=== What to work on ===
Output all entries below exactly as they are given.

>>>>

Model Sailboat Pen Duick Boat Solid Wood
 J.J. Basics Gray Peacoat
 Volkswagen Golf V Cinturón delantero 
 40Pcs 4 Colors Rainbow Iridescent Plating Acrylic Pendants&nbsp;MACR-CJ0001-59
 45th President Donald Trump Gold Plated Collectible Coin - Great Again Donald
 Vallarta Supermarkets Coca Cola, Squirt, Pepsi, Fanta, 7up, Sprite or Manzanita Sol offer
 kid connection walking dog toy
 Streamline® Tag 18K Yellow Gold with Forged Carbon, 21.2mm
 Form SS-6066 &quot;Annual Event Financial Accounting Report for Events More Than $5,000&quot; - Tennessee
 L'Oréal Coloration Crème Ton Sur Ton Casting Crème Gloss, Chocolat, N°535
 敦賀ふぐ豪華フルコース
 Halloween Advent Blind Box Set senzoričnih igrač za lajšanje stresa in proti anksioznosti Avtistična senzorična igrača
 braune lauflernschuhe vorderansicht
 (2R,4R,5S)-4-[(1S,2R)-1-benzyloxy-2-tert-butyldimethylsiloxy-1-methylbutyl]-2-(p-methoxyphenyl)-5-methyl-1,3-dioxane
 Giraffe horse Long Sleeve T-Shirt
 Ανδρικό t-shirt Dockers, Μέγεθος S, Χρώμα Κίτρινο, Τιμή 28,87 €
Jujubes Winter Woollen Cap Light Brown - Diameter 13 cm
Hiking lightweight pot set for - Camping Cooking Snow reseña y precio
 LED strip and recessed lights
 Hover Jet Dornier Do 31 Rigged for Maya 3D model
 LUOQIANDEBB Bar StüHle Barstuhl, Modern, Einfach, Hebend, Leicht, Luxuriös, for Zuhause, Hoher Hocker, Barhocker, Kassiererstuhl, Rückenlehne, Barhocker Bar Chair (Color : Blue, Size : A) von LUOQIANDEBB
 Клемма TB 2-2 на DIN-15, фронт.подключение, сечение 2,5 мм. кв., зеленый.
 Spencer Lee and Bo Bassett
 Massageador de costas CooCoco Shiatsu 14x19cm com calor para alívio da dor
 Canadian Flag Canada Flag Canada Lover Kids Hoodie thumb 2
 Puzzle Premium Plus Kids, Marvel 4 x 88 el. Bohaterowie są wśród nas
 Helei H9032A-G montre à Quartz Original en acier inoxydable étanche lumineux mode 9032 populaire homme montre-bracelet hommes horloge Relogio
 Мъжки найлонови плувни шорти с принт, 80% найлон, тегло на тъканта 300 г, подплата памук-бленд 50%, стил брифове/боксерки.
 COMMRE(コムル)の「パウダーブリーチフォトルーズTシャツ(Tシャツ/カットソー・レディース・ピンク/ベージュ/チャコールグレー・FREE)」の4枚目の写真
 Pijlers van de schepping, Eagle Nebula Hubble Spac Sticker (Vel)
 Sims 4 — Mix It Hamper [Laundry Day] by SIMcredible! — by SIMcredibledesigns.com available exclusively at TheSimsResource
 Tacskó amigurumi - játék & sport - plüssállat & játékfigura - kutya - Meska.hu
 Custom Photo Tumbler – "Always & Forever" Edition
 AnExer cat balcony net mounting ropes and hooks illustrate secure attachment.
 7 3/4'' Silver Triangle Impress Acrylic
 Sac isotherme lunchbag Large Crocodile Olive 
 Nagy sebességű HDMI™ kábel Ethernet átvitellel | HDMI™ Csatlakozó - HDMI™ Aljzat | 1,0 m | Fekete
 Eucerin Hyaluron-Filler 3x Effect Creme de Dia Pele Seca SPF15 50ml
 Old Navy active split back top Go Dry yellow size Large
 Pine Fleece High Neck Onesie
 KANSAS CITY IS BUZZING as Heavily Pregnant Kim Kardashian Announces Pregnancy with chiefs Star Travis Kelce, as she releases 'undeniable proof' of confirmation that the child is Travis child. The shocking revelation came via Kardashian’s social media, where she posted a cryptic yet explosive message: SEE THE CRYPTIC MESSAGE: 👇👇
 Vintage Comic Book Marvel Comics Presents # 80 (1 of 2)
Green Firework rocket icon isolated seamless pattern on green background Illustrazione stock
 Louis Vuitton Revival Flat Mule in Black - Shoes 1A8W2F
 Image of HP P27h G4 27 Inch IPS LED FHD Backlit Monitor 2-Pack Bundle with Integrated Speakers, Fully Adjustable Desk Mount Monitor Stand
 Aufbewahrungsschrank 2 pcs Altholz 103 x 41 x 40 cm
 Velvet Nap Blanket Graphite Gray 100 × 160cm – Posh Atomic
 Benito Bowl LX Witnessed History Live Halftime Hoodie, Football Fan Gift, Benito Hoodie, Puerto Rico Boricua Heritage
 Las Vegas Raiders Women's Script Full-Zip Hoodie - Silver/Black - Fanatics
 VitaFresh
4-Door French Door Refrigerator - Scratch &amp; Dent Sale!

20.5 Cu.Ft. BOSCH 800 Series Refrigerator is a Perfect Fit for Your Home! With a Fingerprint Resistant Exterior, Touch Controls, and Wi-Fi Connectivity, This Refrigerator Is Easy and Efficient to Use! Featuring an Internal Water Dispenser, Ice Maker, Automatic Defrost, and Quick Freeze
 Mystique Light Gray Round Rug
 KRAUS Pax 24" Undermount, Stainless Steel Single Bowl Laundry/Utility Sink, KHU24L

<<<<

=== The completed task ===
Model Sailboat Pen Duick Boat Solid Wood
 J.J. Basics Gray Peacoat
 Volkswagen Golf V Cinturón delantero 
 40Pcs 4 Colors Rainbow Iridescent Plating Acrylic Pendants&nbsp;MACR-CJ0001-59
 45th President Donald Trump Gold Plated Collectible Coin - Great Again Donald
 Vallarta Supermarkets Coca Cola, Squirt, Pepsi, Fanta, 7up, Sprite or Manzanita Sol offer
 kid connection walking dog toy
 Streamline® Tag 18K Yellow Gold with Forged Carbon, 21.2mm
 Form SS-6066 &quot;Annual Event Financial Accounting Report for Events More Than $5,000&quot; - Tennessee
 L'Oréal Coloration Crème Ton Sur Ton Casting Crème Gloss, Chocolat, N°535
 敦賀ふぐ豪華フルコース
 Halloween Advent Blind Box Set senzoričnih igrač za lajšanje stresa in proti anksioznosti Avtistična senzorična igrača
 braune lauflernschuhe vorderansicht
 (2R,4R,5S)-4-[(1S,2R)-1-benzyloxy-2-tert-butyldimethylsiloxy-1-methylbutyl]-2-(p-methoxyphenyl)-5-methyl-1,3-dioxane
 Giraffe horse Long Sleeve T-Shirt
 Ανδρικό t-shirt Dockers, Μέγεθος S, Χρώμα Κίτρινο, Τιμή 28,87 €
Jujubes Winter Woollen Cap Light Brown - Diameter 13 cm
Hiking lightweight pot set for - Camping Cooking Snow reseña y precio
 LED strip and recessed lights
 Hover Jet Dornier Do 31 Rigged for Maya 3D model
 LUOQIANDEBB Bar StüHle Barstuhl, Modern, Einfach, Hebend, Leicht, Luxuriös, for Zuhause, Hoher Hocker, Barhocker, Kassiererstuhl, Rückenlehne, Barhocker Bar Chair (Color : Blue, Size : A) von LUOQIANDEBB
 Клемма TB 2-2 на DIN-15, фронт.подключение, сечение 2,5 мм. кв., зеленый.
 Spencer Lee and Bo Bassett
 Massageador de costas CooCoco Shiatsu 14x19cm com calor para alívio da dor
 Canadian Flag Canada Flag Canada Lover Kids Hoodie thumb 2
 Puzzle Premium Plus Kids, Marvel 4 x 88 el. Bohaterowie są wśród nas
 Helei H9032A-G montre à Quartz Original en acier inoxydable étanche lumineux mode 9032 populaire homme montre-bracelet hommes horloge Relogio
 Мъжки найлонови плувни шорти с принт, 80% найлон, тегло на тъканта 300 г, подплата памук-бленд 50%, стил брифове/боксерки.
 COMMRE(コムル)の「パウダーブリーチフォトルーズTシャツ(Tシャツ/カットソー・レディース・ピンク/ベージュ/チャコールグレー・FREE)」の4枚目の写真
 Pijlers van de schepping, Eagle Nebula Hubble Spac Sticker (Vel)
 Sims 4 — Mix It Hamper [Laundry Day] by SIMcredible! — by SIMcredibledesigns.com available exclusively at TheSimsResource
 Tacskó amigurumi - játék & sport - plüssállat & játékfigura - kutya - Meska.hu
 Custom Photo Tumbler – "Always & Forever" Edition
 AnExer cat balcony net mounting ropes and hooks illustrate secure attachment.
 7 3/4'' Silver Triangle Impress Acrylic
 Sac isotherme lunchbag Large Crocodile Olive 
 Nagy sebességű HDMI™ kábel Ethernet átvitellel | HDMI™ Csatlakozó - HDMI™ Aljzat | 1,0 m | Fekete
 Eucerin Hyaluron-Filler 3x Effect Creme de Dia Pele Seca SPF15 50ml
 Old Navy active split back top Go Dry yellow size Large
 Pine Fleece High Neck Onesie
 KANSAS CITY IS BUZZING as Heavily Pregnant Kim Kardashian Announces Pregnancy with chiefs Star Travis Kelce, as she releases 'undeniable proof' of confirmation that the child is Travis child. The shocking revelation came via Kardashian’s social media, where she posted a cryptic yet explosive message: SEE THE CRYPTIC MESSAGE: 👇👇
 Vintage Comic Book Marvel Comics Presents # 80 (1 of 2)
Green Firework rocket icon isolated seamless pattern on green background Illustrazione stock
 Louis Vuitton Revival Flat Mule in Black - Shoes 1A8W2F
 Image of HP P27h G4 27 Inch IPS LED FHD Backlit Monitor 2-Pack Bundle with Integrated Speakers, Fully Adjustable Desk Mount Monitor Stand
 Aufbewahrungsschrank 2 pcs Altholz 103 x 41 x 40 cm
 Velvet Nap Blanket Graphite Gray 100 × 160cm – Posh Atomic
 Benito Bowl LX Witnessed History Live Halftime Hoodie, Football Fan Gift, Benito Hoodie, Puerto Rico Boricua Heritage
 Las Vegas Raiders Women's Script Full-Zip Hoodie - Silver/Black - Fanatics
 VitaFresh
4-Door French Door Refrigerator - Scratch &amp; Dent Sale!

20.5 Cu.Ft. BOSCH 800 Series Refrigerator is a Perfect Fit for Your Home! With a Fingerprint Resistant Exterior, Touch Controls, and Wi-Fi Connectivity, This Refrigerator Is Easy and Efficient to Use! Featuring an Internal Water Dispenser, Ice Maker, Automatic Defrost, and Quick Freeze
 Mystique Light Gray Round Rug
 KRAUS Pax 24" Undermount, Stainless Steel Single Bowl Laundry/Utility Sink, KHU24L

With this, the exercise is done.